Key Republican Says There’s a Chance for a Bipartisan Tax BillBy and
Senate’s Thune cites ‘Kumbaya meeting’ as Trump woos Democrats
Mnuchin says it’s ‘hard not to give tax cuts to the wealthy’
Senate Finance Chairman Orrin Hatch emerged from a bipartisan meeting with President Donald Trump saying there’s a chance that a bipartisan tax bill could emerge from his committee.
“It was a very Kumbaya meeting,” said Senator John Thune, the chamber’s third-ranking GOP leader and a member of the tax-writing finance panel. The president told Democrats he wants to “figure out something that will attract their votes,” he said.
But the finance panel’s top Democrat, Ron Wyden of Oregon, said he and others made clear to Trump that there’s “a Grand Canyon-sized gap” between the GOP tax framework and Democrats’ goal of helping middle-income taxpayers.
Thus far, Republicans have had difficulty fashioning a partisan bill -- let alone a bipartisan one. Disagreement has emerged, for example, over a plan to eliminate the state and local tax deduction, which would hurt taxpayers in high-tax states.
Nonetheless, as members of the Senate Finance Committee met with Trump at the White House Wednesday, Thune said Trump told the Democrats that he shares their concern to make sure middle-class taxpayers benefit more than the wealthy. Hatch said Trump spoke to Democrats more than to Republicans during the session.

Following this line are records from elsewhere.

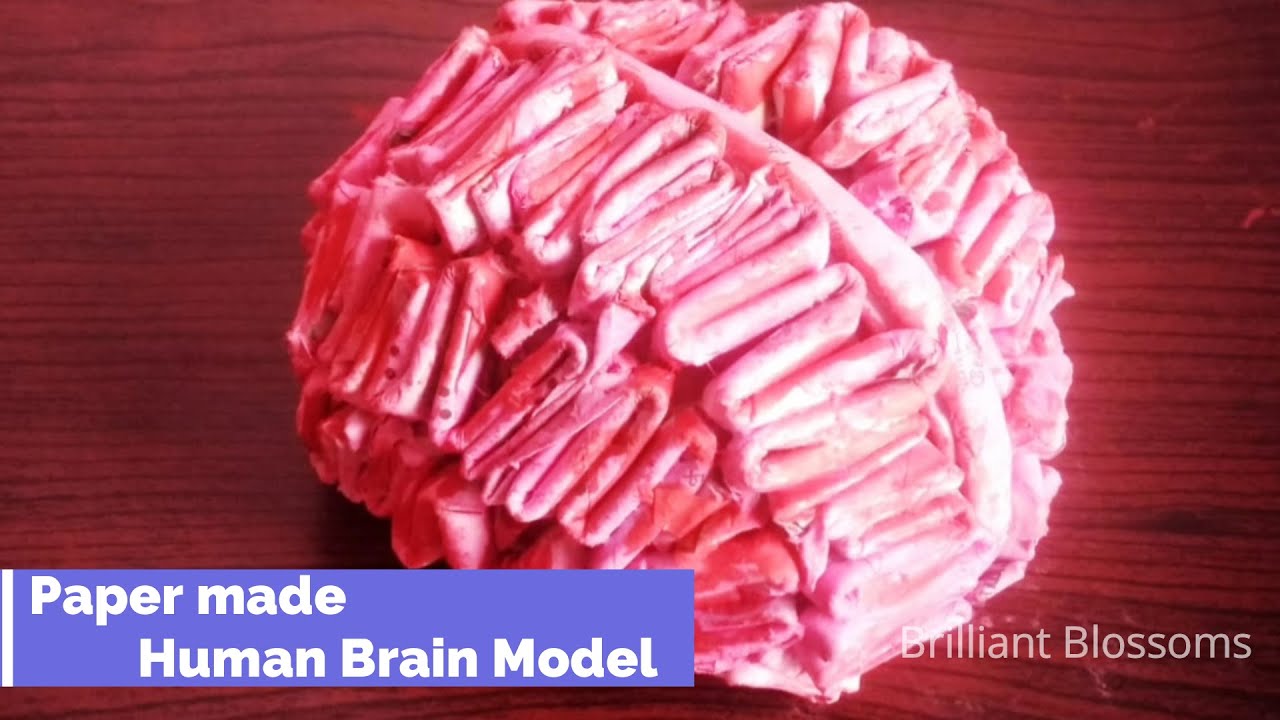 How To Make Human Brain Model Using Newspaper First Time In Youtube Brain Models Human Brain Human
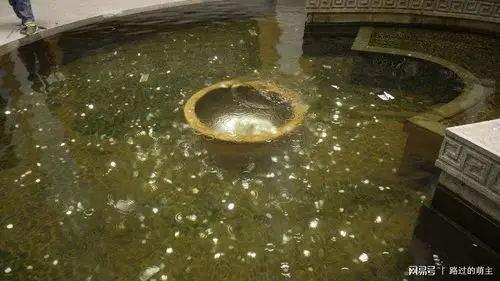 旅游景点里许愿池里的钱最后是怎么处理的?说出来你都不一定相信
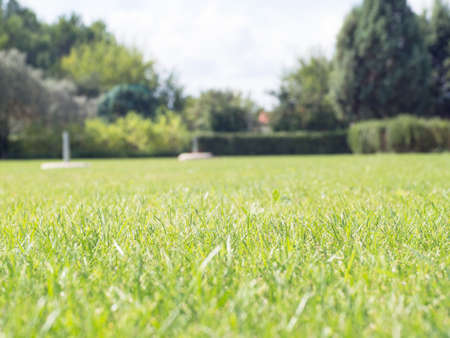 green lawn ground. Green grass see from animal and insect viewの写真素材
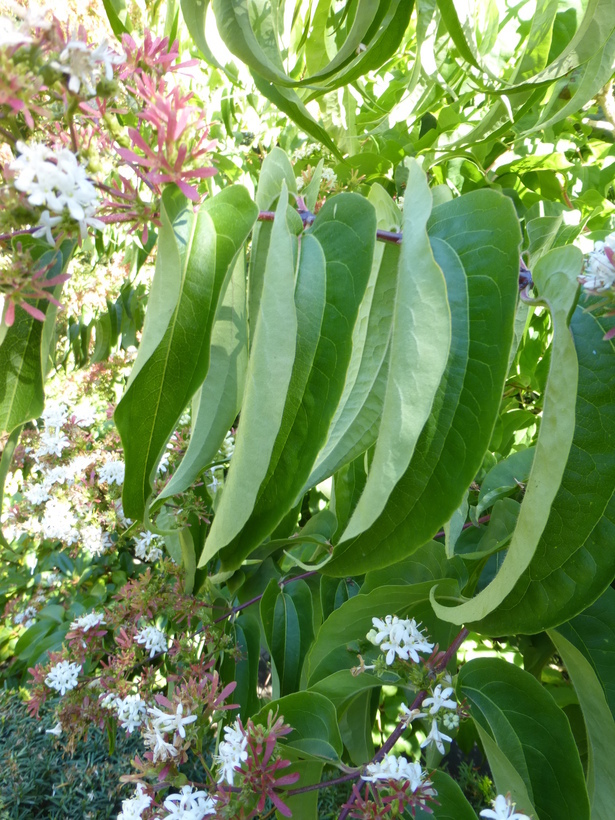 Image de Heptacodium miconioides Rehder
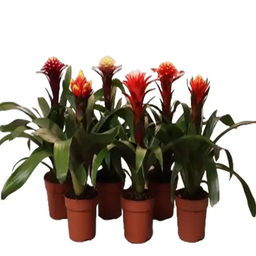 Guzmania Hope Info Mix Color 1 Piece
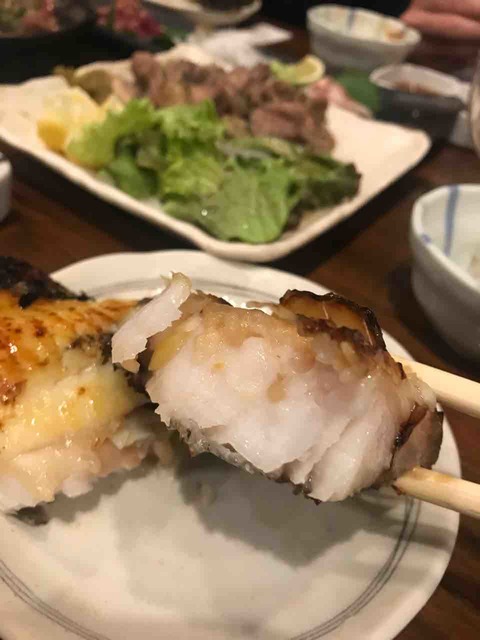 魚けん的實拍高清圖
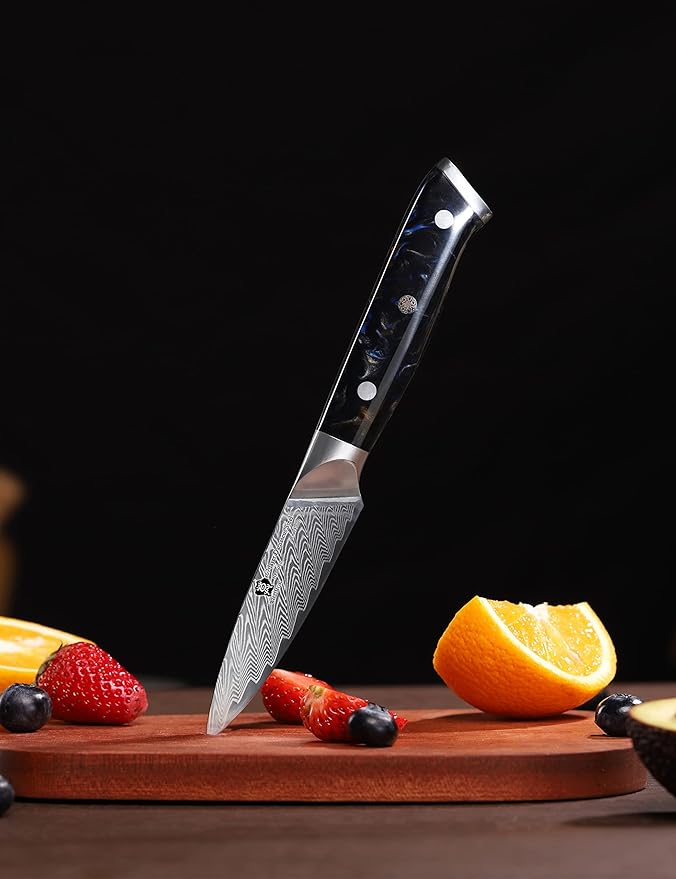 WILDMOK Damascus Paring Knife, 3.5 Inch Japanese 67-layers Damascus Steel, Professional Paring Knife, Ultra Sharp Blade Cooking Utility Knife, Full Tang Ergonomic Resin Handle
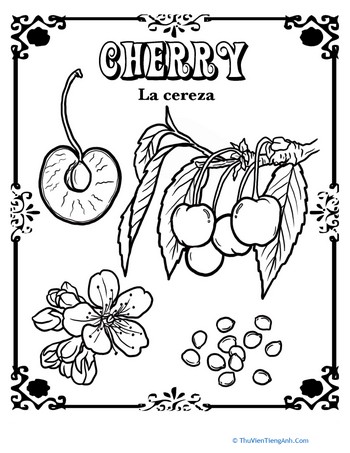 Cherry in Spanish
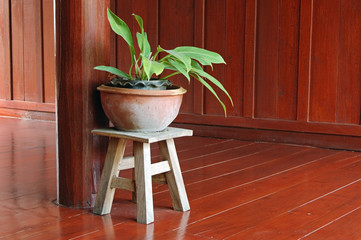 plant stool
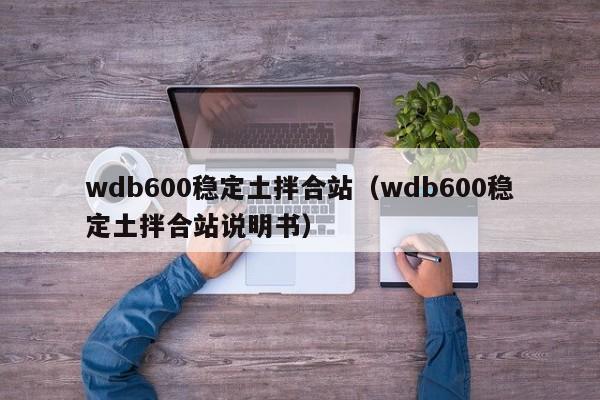 wdb600稳定土拌合站（wdb600稳定土拌合站说明书）  第1张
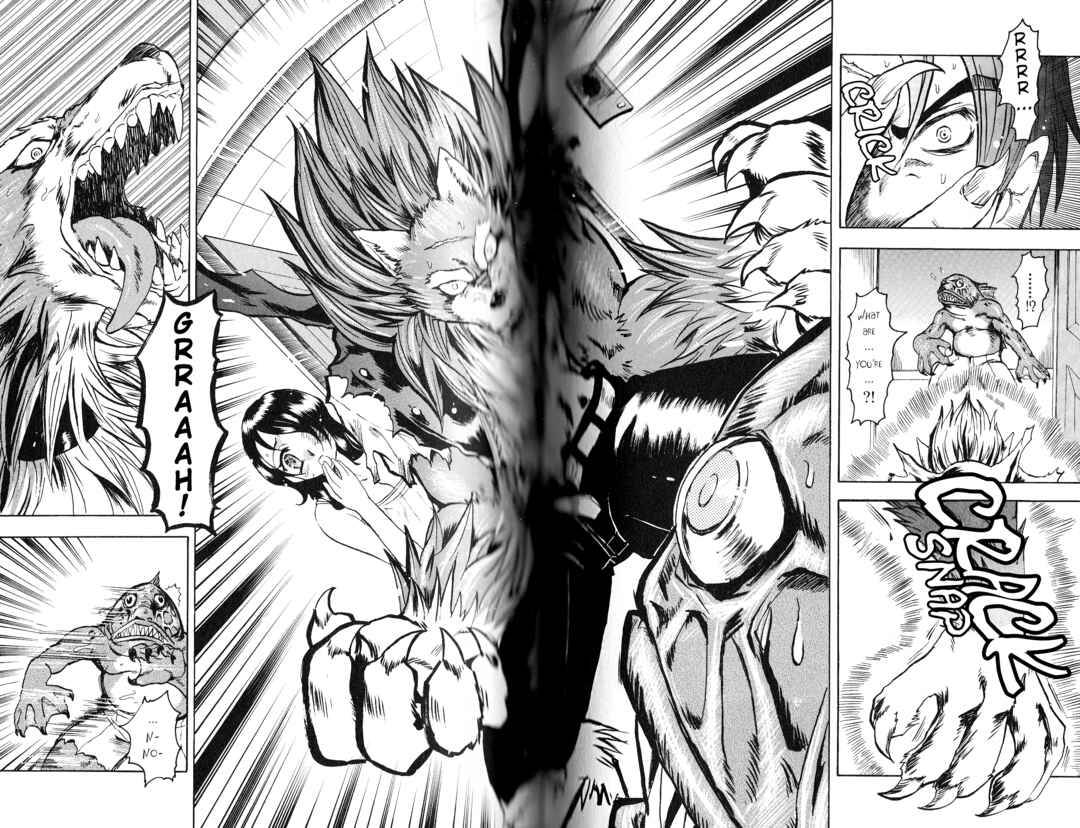 Page 13 Chapter 4 Bloody Roar the Fang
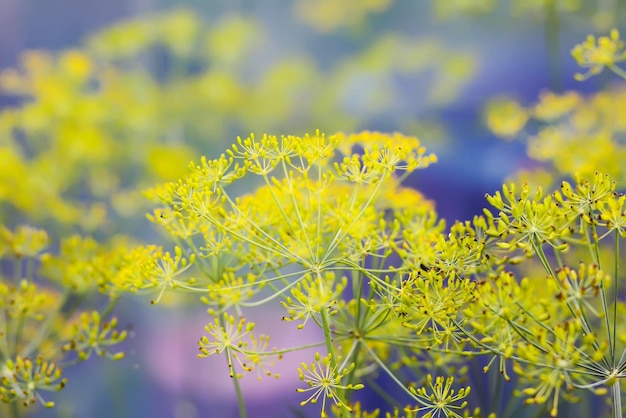 Dille groene planten groeien in zomerkas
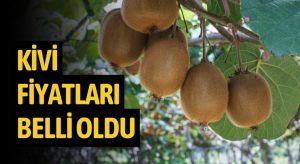 Ordu’da 2025 kivi fiyatları belli oldu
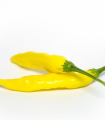 Čili Aji Pineapple - Capsicum baccatum - semena čili - 7 kosov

The talk of bipartisanship came on the same day that Treasury Secretary Steven Mnuchin appeared to contradict Trump’s middle-class messaging in a published interview. Mnuchin told Politico it’s difficult for tax legislation to avoid providing a tax cut for the wealthy.
“The top 20 percent of the people pay 95 percent of the taxes. The top 10 percent of the people pay 81 percent of the taxes,” Mnuchin said in the interview. “So when you’re cutting taxes across the board, it’s very hard not to give tax cuts to the wealthy with tax cuts to the middle class. The math, given how much you are collecting, is just hard to do.”
There are other points of disagreement as well. On Wednesday, Thune said Democrats would “have to back off” what he characterized as a requirement that the bill must avoid adding to the deficit on a so-called “static” basis. Senate Republicans want to use dynamic scoring -- that is, they want to consider the legislation’s effect on the larger economy -- in determining its fiscal effects.
Additionally, Trump delivered a speech to the conservative Heritage Foundation on Tuesday in which he said it would be hard to get Democratic votes for a tax bill “because they’re obstructionists.”
Still, Democrats emerged from a White House meeting describing a president who seemed to want their support.
“I think the president would really like to have some Democrats engaged,” said Senator Claire McCaskill, a Missouri Democrat. “I mean I think he wants a bipartisan deal.” She called the exchange “interesting,” but said she wants to think through the exchange before discussing it publicly to ensure she’s “thoughtful in the way I characterize it.”
Senator Sherrod Brown, an Ohio Democrat, said he discussed a tax credit for working families, among other ideas, with Trump.
“He says they want to focus on the middle class, so we’ll see,” Brown said. “I know that’s not what the bill does now.”
Brown also said he was concerned that Senate leaders, including Senate Majority Leader Mitch McConnell and Hatch “and the special interest Republicans on Capitol Hill will not be so embracing of it.”
Democrat Bill Nelson of Florida, another Finance Committee member, said the proof of a bipartisan bill remains to be seen -- but he said Trump called it a good idea.
In a statement, the White House press office described Wednesday’s meeting as “productive.”
“The group discussed the historic nature of tax cuts and reform, and stressed the urgent need to deliver tax relief for the middle class by cutting taxes and simplifying the burdensome tax code,” the White House statement said. “The Administration looks forward to continued opportunities to reach across the aisle in an effort to provide tangible quality of life improvements for the American people.”